What moves groups from saying "we belong to this group -and this is what we believe" -to saying, "we are right, you are wrong. we must make sure that we are in control." -?

Just as with religion, so with political parties and partisanship or factionalism.

For anyone or group to say - 'I'm fighting for what I believe to be wrong' would be absurd.

Anyone , by being part of a group, has by necessity, to adhere to the belief that the group ethos must be correct and it follows that everyone disagreeing with the group MUST, by definition, be wrong.

Logical solutions MUST come from independant thought, based in reality and on reasoned, coherent debate.

It is inconceivable that the individuals within a group will agree on every issue, ad infinitum.
There must be, at some point some disagreement which,when resolved becomes the group's stance.

It is then necessary for the group's members to have the 'will to believe' in that stance and it's correctness, in order for the group to survive.


koikaze said...
This comment has been removed by the author.
koikaze said...

Thanks, Roy

It seems to me it would be well to recognize our society is no longer a single, cohesive, close-knit tribe. We have evolved into an agglomeration of tribes and most of us belong to more than one of them, whether of race, religion, national origin, sexual orientation, educational level, or any of the many others.
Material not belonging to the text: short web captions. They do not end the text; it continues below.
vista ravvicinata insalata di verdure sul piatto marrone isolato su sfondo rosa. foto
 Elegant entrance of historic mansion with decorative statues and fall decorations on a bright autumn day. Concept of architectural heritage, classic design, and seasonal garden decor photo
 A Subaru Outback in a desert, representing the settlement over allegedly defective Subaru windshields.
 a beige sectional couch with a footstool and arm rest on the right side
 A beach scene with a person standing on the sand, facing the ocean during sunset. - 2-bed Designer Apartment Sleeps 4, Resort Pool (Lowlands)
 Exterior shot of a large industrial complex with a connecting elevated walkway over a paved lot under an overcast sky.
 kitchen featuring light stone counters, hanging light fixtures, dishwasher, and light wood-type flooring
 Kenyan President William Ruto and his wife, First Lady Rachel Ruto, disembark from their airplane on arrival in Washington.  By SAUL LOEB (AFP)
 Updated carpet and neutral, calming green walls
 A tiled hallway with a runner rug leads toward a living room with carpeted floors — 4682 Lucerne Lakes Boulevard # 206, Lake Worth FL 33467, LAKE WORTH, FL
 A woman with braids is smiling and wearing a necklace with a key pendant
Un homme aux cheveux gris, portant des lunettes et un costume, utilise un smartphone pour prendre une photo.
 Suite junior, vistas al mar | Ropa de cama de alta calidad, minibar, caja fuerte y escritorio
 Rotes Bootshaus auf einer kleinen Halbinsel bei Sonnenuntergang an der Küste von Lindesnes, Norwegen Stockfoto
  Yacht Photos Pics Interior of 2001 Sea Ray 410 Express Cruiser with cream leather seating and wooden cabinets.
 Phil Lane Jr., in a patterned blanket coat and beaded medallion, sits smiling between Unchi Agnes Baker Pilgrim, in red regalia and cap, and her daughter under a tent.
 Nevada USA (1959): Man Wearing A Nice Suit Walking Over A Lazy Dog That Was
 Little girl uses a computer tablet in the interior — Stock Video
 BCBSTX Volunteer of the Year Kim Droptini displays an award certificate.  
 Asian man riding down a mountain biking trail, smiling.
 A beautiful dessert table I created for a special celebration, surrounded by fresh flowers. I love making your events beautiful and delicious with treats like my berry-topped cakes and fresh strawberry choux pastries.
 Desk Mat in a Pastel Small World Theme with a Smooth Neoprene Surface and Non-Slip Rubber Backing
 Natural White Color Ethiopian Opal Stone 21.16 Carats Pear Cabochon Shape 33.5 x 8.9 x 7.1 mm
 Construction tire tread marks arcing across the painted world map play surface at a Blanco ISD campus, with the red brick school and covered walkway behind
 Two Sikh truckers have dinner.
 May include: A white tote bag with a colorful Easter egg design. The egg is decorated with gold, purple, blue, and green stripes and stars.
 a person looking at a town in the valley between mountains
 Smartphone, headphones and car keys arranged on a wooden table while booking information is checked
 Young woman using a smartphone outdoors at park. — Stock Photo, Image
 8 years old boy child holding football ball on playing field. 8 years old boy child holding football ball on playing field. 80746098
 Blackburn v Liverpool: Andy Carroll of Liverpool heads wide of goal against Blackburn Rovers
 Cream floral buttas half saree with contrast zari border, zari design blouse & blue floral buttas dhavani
Thus, while each of us may see our goals through the narrow focus of one or more of the groups we associate ourselves with, we would do well to understand that others, too, seek group goals, some of which conflict with our own. Thus, as you say, we must prize independent thought.

However, our training is influenced by our groups and they tend to disparage independent thoughts and actions. It is difficult for people to have faith in those who may not share their dogma.

Perhaps, since it is inevitable that we do so, we will have the wit to select the best among them.